## YOUR GOAL:
From the listing below, set down exactly the lines between the one holding "Toyota Yaris 1.0i" and the one holding "Actual product image", inclusive. No other line is wanted.

## SUPPLIED DATA:
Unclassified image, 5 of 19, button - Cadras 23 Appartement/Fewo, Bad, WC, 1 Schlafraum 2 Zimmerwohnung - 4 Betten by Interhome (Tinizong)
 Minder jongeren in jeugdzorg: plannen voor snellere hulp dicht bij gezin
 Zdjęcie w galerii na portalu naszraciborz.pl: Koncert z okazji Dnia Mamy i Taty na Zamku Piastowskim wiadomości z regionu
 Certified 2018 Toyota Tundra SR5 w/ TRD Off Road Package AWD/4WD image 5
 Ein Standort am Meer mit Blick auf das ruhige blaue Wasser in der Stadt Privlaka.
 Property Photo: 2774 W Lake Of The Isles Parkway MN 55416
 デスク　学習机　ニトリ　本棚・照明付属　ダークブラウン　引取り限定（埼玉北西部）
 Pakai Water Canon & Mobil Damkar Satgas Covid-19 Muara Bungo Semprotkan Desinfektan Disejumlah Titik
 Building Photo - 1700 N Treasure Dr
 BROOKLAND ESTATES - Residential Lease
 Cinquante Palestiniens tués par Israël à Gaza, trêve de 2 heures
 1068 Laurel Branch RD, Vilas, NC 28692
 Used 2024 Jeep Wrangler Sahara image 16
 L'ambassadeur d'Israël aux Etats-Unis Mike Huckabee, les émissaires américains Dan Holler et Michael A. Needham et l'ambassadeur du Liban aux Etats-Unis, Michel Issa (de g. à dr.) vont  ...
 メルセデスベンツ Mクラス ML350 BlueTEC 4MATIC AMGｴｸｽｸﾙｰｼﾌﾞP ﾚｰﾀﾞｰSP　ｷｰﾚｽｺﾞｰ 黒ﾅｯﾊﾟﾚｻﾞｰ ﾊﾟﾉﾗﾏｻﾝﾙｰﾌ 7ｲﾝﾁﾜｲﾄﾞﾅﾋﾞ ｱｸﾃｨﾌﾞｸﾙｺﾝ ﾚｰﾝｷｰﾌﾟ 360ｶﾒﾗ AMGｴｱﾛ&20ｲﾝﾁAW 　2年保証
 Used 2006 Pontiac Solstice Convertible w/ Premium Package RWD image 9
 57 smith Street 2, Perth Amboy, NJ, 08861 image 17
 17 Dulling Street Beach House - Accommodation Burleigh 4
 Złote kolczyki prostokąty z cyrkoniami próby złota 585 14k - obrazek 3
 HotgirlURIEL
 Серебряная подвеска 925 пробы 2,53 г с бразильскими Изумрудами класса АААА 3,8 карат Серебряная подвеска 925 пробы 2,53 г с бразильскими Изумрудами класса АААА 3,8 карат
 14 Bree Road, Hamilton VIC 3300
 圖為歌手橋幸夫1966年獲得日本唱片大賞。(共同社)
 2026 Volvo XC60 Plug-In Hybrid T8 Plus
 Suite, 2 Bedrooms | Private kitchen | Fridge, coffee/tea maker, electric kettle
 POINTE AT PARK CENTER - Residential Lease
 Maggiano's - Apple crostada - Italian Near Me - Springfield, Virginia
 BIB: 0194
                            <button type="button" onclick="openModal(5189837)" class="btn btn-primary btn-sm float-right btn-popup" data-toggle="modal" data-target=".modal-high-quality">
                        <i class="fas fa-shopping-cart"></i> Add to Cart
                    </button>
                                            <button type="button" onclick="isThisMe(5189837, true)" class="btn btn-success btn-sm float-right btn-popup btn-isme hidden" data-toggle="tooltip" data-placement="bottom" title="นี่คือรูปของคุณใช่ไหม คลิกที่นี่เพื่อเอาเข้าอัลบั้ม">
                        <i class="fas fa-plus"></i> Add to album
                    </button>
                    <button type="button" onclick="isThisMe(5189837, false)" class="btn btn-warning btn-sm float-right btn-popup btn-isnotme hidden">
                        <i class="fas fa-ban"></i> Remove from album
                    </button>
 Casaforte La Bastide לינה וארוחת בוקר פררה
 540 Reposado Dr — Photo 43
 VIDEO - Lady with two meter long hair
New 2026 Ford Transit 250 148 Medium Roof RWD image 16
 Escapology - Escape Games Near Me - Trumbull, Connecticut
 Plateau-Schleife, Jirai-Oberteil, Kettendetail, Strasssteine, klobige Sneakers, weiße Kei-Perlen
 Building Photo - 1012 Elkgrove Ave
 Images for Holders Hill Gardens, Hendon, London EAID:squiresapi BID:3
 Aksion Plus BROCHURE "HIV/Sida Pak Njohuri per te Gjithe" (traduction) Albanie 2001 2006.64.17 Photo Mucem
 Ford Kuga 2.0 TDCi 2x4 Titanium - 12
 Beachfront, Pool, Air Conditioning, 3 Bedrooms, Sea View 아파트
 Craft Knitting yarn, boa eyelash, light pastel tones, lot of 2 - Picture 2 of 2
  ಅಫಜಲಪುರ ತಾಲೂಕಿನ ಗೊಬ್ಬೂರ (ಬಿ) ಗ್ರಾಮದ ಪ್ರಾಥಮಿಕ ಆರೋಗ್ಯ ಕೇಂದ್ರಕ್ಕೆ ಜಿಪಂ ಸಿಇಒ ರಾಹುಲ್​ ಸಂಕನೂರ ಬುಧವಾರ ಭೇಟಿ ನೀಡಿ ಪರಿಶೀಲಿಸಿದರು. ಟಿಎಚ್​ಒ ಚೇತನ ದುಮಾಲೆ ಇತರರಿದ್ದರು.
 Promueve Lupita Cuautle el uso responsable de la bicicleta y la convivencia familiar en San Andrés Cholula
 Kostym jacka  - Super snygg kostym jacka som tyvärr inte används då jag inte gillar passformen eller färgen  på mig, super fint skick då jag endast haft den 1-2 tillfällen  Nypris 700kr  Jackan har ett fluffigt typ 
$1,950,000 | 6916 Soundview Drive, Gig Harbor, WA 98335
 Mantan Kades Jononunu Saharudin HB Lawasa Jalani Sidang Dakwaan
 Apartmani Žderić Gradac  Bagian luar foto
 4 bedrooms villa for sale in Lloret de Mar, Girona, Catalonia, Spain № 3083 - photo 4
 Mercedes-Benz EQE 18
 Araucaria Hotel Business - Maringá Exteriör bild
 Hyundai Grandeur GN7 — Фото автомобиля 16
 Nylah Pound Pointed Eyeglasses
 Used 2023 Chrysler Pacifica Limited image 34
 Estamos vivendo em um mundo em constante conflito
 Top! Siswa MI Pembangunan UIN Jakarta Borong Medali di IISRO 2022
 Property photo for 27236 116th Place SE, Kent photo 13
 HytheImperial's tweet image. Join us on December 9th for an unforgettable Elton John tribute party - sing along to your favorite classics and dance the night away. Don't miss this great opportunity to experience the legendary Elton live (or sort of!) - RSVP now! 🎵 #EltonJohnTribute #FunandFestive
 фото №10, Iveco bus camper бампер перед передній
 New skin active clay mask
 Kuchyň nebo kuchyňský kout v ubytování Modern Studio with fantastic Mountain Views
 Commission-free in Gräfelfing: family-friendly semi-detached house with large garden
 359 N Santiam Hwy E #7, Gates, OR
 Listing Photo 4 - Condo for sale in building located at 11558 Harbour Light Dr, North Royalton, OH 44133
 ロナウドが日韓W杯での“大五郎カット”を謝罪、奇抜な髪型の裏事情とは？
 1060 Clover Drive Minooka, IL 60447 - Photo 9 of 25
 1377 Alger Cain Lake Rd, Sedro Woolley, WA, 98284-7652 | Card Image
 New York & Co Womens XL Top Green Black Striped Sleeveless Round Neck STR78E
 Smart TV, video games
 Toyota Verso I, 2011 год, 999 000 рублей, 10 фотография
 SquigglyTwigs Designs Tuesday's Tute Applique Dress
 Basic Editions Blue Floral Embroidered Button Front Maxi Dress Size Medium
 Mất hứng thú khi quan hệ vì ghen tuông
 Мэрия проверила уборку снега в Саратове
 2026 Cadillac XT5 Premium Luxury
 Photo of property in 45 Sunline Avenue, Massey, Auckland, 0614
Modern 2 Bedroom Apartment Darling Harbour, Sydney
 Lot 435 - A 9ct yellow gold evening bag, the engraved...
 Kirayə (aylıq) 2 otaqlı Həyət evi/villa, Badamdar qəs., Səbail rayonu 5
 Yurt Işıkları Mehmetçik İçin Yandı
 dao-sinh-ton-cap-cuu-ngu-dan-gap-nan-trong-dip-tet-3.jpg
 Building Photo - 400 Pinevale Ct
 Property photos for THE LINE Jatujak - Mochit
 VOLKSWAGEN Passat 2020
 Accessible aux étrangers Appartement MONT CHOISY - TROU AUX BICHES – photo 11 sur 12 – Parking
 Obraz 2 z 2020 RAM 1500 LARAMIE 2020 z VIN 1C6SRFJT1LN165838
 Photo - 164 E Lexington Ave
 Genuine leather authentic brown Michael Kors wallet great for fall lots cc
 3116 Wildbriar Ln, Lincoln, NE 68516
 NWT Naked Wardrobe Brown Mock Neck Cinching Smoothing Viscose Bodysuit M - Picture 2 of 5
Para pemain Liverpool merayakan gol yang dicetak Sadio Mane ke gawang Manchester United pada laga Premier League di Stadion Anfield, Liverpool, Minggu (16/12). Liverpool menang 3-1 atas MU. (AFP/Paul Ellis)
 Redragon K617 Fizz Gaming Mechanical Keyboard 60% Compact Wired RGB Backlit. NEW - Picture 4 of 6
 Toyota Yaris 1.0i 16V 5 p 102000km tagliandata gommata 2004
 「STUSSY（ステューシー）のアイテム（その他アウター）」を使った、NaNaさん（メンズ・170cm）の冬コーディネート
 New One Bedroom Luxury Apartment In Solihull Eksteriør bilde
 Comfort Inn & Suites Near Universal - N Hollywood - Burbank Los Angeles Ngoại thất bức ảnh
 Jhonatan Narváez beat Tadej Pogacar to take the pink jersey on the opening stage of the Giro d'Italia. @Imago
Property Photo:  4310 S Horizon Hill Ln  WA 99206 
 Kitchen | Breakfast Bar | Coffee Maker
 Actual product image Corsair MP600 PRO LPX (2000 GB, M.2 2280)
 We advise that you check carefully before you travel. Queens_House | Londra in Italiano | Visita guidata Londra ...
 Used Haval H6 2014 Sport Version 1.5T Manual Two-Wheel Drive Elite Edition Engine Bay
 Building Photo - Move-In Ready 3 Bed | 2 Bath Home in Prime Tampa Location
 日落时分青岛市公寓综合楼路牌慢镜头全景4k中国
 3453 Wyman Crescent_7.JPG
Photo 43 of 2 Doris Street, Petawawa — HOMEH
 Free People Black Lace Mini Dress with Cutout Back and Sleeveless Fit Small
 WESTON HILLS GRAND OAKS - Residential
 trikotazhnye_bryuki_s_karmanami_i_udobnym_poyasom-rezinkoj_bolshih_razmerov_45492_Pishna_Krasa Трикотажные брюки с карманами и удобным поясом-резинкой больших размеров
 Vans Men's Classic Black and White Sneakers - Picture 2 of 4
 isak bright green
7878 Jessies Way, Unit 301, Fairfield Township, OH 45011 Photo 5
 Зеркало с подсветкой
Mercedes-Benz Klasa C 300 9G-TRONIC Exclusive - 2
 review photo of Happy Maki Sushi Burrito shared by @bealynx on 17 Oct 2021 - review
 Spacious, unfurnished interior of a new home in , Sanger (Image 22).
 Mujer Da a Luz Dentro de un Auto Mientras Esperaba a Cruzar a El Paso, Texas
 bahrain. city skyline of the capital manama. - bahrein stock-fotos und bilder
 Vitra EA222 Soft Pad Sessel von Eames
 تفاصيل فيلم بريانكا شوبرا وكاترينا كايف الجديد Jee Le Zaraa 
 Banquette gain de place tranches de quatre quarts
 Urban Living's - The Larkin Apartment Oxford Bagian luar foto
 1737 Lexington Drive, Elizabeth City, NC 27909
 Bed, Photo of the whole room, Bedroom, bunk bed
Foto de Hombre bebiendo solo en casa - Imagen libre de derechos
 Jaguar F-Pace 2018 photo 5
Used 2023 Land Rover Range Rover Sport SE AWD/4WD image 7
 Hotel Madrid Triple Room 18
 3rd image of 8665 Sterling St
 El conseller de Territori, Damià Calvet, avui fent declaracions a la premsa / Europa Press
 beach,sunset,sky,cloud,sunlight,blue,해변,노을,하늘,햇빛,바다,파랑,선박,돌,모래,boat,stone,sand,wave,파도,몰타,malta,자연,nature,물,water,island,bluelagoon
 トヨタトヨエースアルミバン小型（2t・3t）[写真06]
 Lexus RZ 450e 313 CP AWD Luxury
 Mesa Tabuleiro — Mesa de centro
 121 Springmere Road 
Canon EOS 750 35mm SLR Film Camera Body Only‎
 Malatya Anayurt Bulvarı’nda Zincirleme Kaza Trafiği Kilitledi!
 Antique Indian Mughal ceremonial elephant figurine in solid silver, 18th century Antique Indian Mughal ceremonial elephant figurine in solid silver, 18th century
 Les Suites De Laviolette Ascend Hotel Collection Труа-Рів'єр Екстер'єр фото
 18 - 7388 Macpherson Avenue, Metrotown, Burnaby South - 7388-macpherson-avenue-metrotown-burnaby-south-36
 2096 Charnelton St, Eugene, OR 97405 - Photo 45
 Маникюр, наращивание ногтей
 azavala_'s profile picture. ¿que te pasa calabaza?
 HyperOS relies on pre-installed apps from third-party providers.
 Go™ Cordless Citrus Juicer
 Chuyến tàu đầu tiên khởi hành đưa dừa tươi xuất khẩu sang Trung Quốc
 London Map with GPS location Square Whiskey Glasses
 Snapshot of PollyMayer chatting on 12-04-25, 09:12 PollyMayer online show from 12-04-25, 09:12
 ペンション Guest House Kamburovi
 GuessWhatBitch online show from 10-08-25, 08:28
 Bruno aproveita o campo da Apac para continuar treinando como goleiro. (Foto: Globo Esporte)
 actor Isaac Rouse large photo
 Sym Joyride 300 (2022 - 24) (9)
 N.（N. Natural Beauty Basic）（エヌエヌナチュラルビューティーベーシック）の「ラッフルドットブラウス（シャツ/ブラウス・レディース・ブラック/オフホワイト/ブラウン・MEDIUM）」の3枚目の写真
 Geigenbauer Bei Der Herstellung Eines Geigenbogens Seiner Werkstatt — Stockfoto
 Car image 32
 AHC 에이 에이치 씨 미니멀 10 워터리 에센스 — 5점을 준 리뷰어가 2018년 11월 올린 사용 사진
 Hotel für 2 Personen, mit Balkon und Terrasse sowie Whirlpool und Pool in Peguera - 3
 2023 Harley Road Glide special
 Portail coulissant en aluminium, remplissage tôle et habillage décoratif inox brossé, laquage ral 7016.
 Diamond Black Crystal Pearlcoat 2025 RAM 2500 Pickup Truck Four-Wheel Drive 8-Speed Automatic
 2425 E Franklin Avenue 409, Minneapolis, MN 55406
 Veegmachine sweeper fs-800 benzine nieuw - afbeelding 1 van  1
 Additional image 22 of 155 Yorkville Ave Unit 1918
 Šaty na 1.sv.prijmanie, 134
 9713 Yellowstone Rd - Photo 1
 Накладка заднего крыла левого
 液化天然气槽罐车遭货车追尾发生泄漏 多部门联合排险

## SOLUTION:
 Toyota Yaris 1.0i 16V 5 p 102000km tagliandata gommata 2004
 「STUSSY（ステューシー）のアイテム（その他アウター）」を使った、NaNaさん（メンズ・170cm）の冬コーディネート
 New One Bedroom Luxury Apartment In Solihull Eksteriør bilde
 Comfort Inn & Suites Near Universal - N Hollywood - Burbank Los Angeles Ngoại thất bức ảnh
 Jhonatan Narváez beat Tadej Pogacar to take the pink jersey on the opening stage of the Giro d'Italia. @Imago
Property Photo:  4310 S Horizon Hill Ln  WA 99206 
 Kitchen | Breakfast Bar | Coffee Maker
 Actual product image Corsair MP600 PRO LPX (2000 GB, M.2 2280)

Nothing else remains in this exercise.